We are all master procrastinators. At any opportunity, we'll re-write that chorus hook, replace, repair, re-track, reinvent. To some extent, this is what making a record is all about, but it comes with a little advice. With modern computer-based production, there is the potential for songs to sit unfinished for a long, long time. Although today's recording landscape allows almost limitless revision, editing and arranging possibilities at the click of a mouse, it is always worth considering what's important, what is necessary, and how the song is best served. Some of the work I am most proud of, was done very quickly, instinctively, with time or tool constraints. I don't think this is just a coincidence.
There are many reasons for wanting to go back and forward on ideas, I understand. Many fear failing to impress with their work - they don't want to be judged by this snapshot of their ability, or they set the bar mega-high, or they focus on the negatives in a track instead of moving forward on the positives. Perfectionism is OK, but learn to filter it. One finished track, on which you can learn lessons and take them into your future work, is way more valuable to you as an artiste than a thousand potential masterpieces at the bottom of the trash can.

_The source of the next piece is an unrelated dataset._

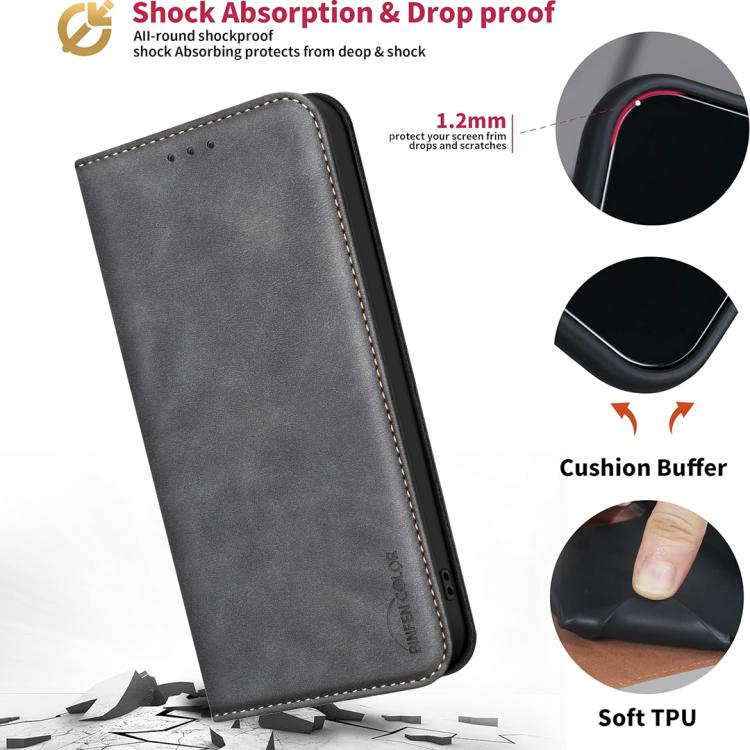 Custodia per telefono in pelle vegana con texture in pelle di vitello BINFEN COLOR, magnetica e con RFID integrato., For iPhone XR, For iPhone XS Max, For iPhone 8 Plus/6 Plus/7 Plus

Now we come to the hard part - how do we know what to focus on, and what to skip by? Well, that comes down to working on those skills over time (or using a good producer who already has them) but in either case make sure you think about it. Work out what elements of your track are actually contributing to what you are trying to get across. Work out what it can't live without. Determine where the meat is, and which elements are the salt and pepper. Lastly think of the "big picture", because ultimately that's all-important. You don't need to spend hours crafting one backing vocal that hides in the back. Fire it in, and move on. See it away!
The old songwriting advice comes to mind here: write 20 songs a day, and throw 19 away. Not all things are meant to be finished, but most of the time, there's no lesson learned if they aren't.